Trotz reduzierter Geschichte und wenig Dialogen wird eine Stimmung geschaffen,
die zum einen düster-bedrohlich ist und auf der anderen Seite von
Zuversichtlichkeit und dem unerschütterlichen Glauben an sich selber
geprägt wird. Ein interessanter Widerstreit.
In
Florida herrscht Hurricane-Saison und es gibt Warnungen seitens
der Regierung an die Bevölkerung sich dringend in Sicherheit
zu bringen. Dabei geht es aber natürlich nicht um komplett
Florida, betrifft sondern eben nur einige Landstriche.

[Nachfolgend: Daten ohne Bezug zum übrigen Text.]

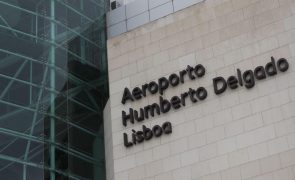 Oito ativistas pelo clima detidos após pintarem átrio do no Aeroporto de Lisboa
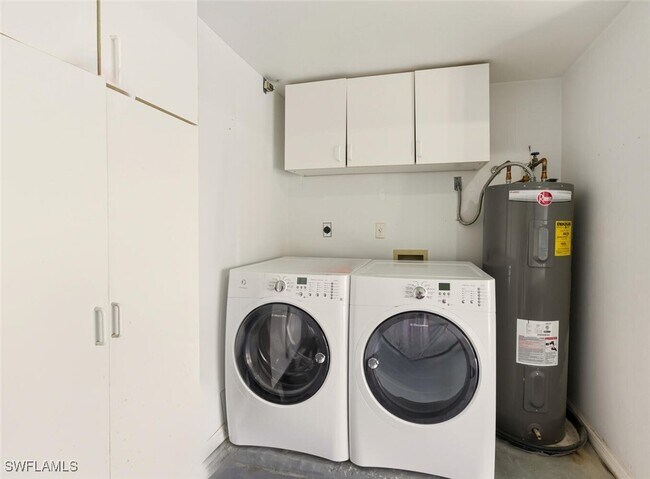 Building Photo - 636 Windsor Sq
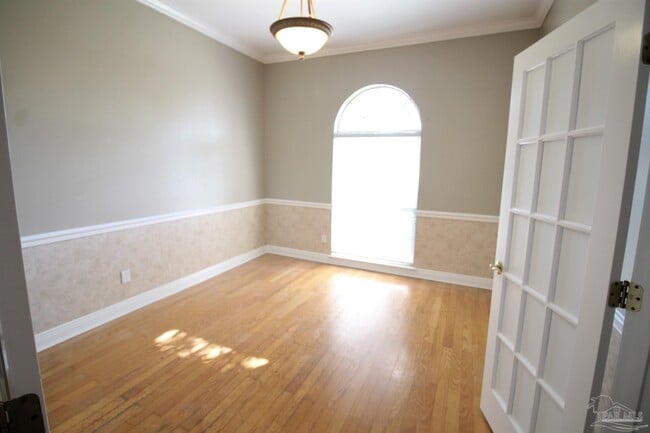 Photo - 5031 Challenger Way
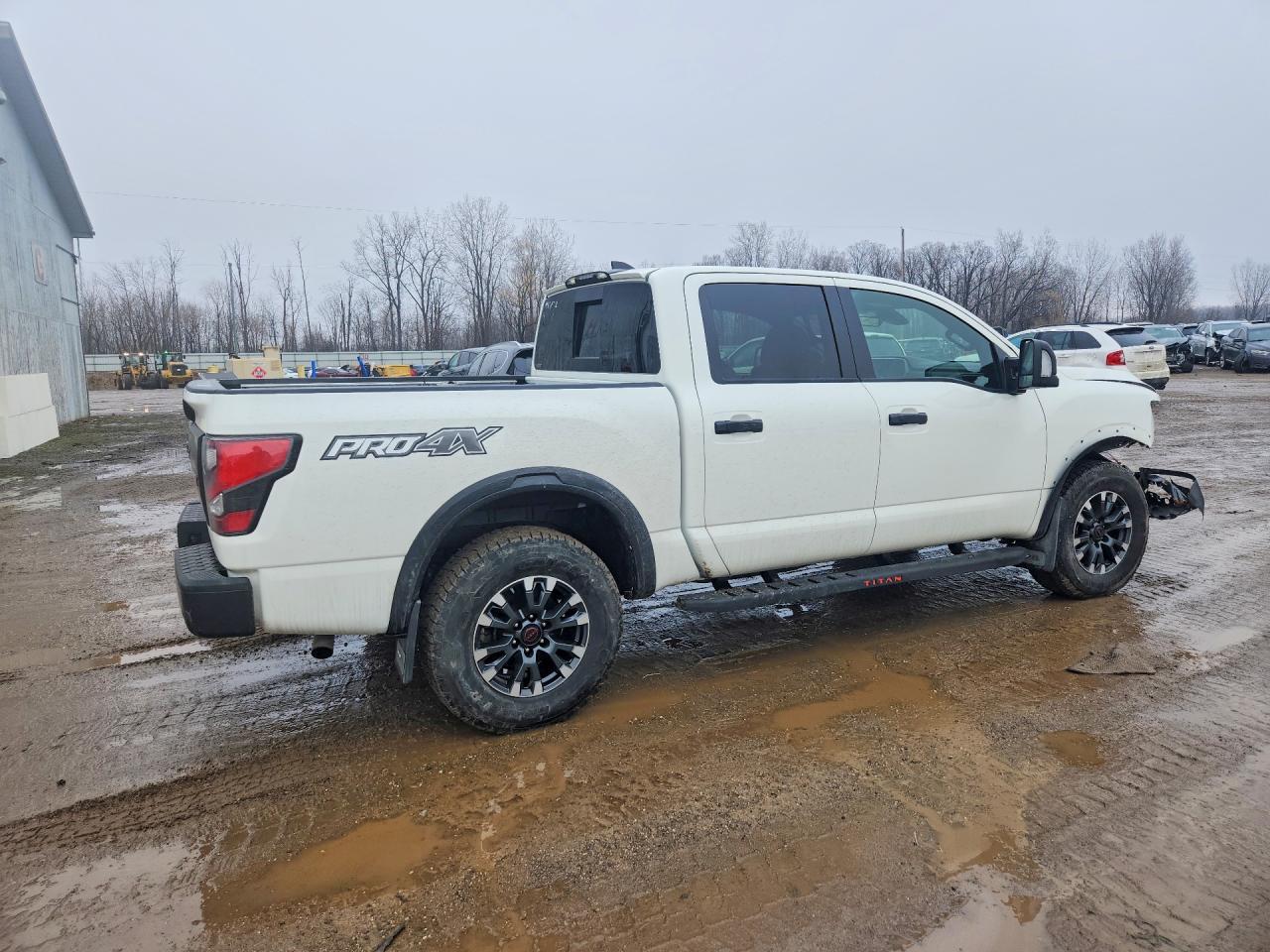 2024 Nissan Titan Pro-4X - Фото 3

Die Schwimmerin
Hailey bekommt nach dem Training einen Anruf ihrer Schwester, die
den gemeinsamen Vater nicht erreichen kann. Daraufhin fährt
Hailey zum Haus des Vaters, findet dort aber nur den Hund Sugar
vor. Deswegen
entscheidet sie sich trotz Gefahr und Warnungen zum ehemaligen Elternhaus
zu fahren, in welchem die Familie vor der Trennung der Eltern gelebt
hat. Dort findet sie ihren Vater verletzt und bewusstlos im Unterbau
vor. Beide versuchen sich dann gemeinsam vor hungrigen Alligatoren
und schnell ansteigendem Hochwasser zu retten.
Insgesamt
dauert der Film ziemlich genau anderthalb Stunden und schafft es
erstaunlicherweise trotz sehr reduzierter Geschichte einen konstanten
Spannungsbogen aufrechtzuerhalten. Man bekommt ziemlich genau das,
was man erwartet und dennoch hat er auch einige überraschende
Szenen, was nett und erfrischend ist. Nun aber von Anfang an:
Die
Szenerie ist düster und unwirklich, sodass man nicht ganz sicher
ist, ob man als außenstehender Beobachter den Kopf schütteln
soll über den Mut oder die Dummheit sich diesen Naturgewalten
auszusetzen. Schon vor dem Auftauchen der ersten Alligatoren ist
bereits die Ohnmacht der Menschen gegenüber Sturm, Wind und
Wasser zu spüren. Erstaunlich ist im Prinzip nur, dass Hailey
sich todesmutig in Gefahr bringt, obwohl sie und ihr Vater sich
entfremdet haben. Da kommt wohl wieder „Blut ist dicker als
Wasser“ zum Tragen. Ob sie es auch gemacht hätte, wenn
sie gewusst hätte, was auf sie zukommt, ist fraglich. Neben
der Düsternis sind auch die Alligatoren gut gemacht, sie scheinen
tatsächlich lebendige und agierende wilde Tiere zu sein und
keine später animierten Monster.
Im
Haus angekommen findet sie den Vater natürlich (!) im Keller
vor. Es ist dunkel, dreckig und wenn man darüber nachdenkt
auch völlig unlogisch. Warum um Himmels Willen hat man Löcher
in den Außenmauern, wenn man im Hurricane-Gebiet lebt oder
hat offen herumliegende Kabel im Keller, wenn es dort so leicht
und schnell feucht wird? Es zeichnet den Film allerdings aus, dass
er dann ohne große Explosionen auskommt und in seiner bedrohlichen
düsteren Stimmung weitererzählt wird.
Dennoch
ergeben diese offenen Kreuze in der Backsteinwand auch ein interessantes
Bild. Beide kämpfen um ihr Leben mit wilden Tieren, während
im Hintergrund immer wieder das Symbol aufflackert, welches in unserer
Kultur zweifelsfrei als dasjenige des Todes konnotiert ist. Vielleicht
könnte man sogar so weit gehen, dass mit dem Licht, welches
durch die kreuzförmigen Aussparungen in den Keller der leichte
Weg aus der Situation angedeutet werden soll. Ins Licht zu gehen,
also den Tod zu wählen, wäre schließlich einfacher
als sich durch die Dunkelheit ins Leben zu kämpfen.
Ungefähr
die Hälfte des Filmes spielt sich dann in diesem Keller ab,
die beiden müssen einen Weg finden sich retten zu lassen und
nicht von Alligatoren fressen zu lassen. Es ist ein interessanter
Wettkampf mit der Zeit, den tatsächlich beide, die niemals
ans Aufgeben denken, auch aus einer Leistungssportler-Mentalität
heraus immer wieder neu versuchen die Situation zu bewältigen.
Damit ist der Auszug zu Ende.